PROBLEM DETAILS
Each line from the one that contains "力強いスポーツ系CM映像と契" through the last line of the listing below is to be returned exactly as it stands, and nothing else.
========
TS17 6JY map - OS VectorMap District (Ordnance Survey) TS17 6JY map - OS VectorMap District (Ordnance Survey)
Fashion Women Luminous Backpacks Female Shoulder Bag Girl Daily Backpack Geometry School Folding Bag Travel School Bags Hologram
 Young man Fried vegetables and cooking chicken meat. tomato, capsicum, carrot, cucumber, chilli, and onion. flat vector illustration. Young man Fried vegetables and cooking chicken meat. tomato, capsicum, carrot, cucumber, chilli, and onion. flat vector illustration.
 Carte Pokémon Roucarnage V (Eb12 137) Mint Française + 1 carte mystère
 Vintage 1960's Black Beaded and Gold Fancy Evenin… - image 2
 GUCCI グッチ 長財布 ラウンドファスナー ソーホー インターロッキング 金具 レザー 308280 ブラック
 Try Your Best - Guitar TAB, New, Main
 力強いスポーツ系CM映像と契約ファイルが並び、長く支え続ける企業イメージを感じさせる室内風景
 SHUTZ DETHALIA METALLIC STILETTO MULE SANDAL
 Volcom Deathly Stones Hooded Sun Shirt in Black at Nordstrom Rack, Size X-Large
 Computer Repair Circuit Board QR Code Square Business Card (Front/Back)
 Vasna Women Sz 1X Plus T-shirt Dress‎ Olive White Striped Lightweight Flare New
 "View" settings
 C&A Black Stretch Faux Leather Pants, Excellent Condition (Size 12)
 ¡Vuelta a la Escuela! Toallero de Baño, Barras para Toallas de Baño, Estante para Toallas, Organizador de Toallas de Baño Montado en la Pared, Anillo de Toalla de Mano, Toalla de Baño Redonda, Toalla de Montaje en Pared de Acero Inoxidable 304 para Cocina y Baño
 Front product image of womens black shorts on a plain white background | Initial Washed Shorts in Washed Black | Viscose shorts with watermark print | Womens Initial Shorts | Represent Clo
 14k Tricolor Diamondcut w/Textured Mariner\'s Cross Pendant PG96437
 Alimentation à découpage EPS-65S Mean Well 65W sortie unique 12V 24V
========
SOLUTION TO THE EXERCISE
 力強いスポーツ系CM映像と契約ファイルが並び、長く支え続ける企業イメージを感じさせる室内風景
 SHUTZ DETHALIA METALLIC STILETTO MULE SANDAL
 Volcom Deathly Stones Hooded Sun Shirt in Black at Nordstrom Rack, Size X-Large
 Computer Repair Circuit Board QR Code Square Business Card (Front/Back)
 Vasna Women Sz 1X Plus T-shirt Dress‎ Olive White Striped Lightweight Flare New
 "View" settings
 C&A Black Stretch Faux Leather Pants, Excellent Condition (Size 12)
 ¡Vuelta a la Escuela! Toallero de Baño, Barras para Toallas de Baño, Estante para Toallas, Organizador de Toallas de Baño Montado en la Pared, Anillo de Toalla de Mano, Toalla de Baño Redonda, Toalla de Montaje en Pared de Acero Inoxidable 304 para Cocina y Baño
 Front product image of womens black shorts on a plain white background | Initial Washed Shorts in Washed Black | Viscose shorts with watermark print | Womens Initial Shorts | Represent Clo
 14k Tricolor Diamondcut w/Textured Mariner\'s Cross Pendant PG96437
 Alimentation à découpage EPS-65S Mean Well 65W sortie unique 12V 24V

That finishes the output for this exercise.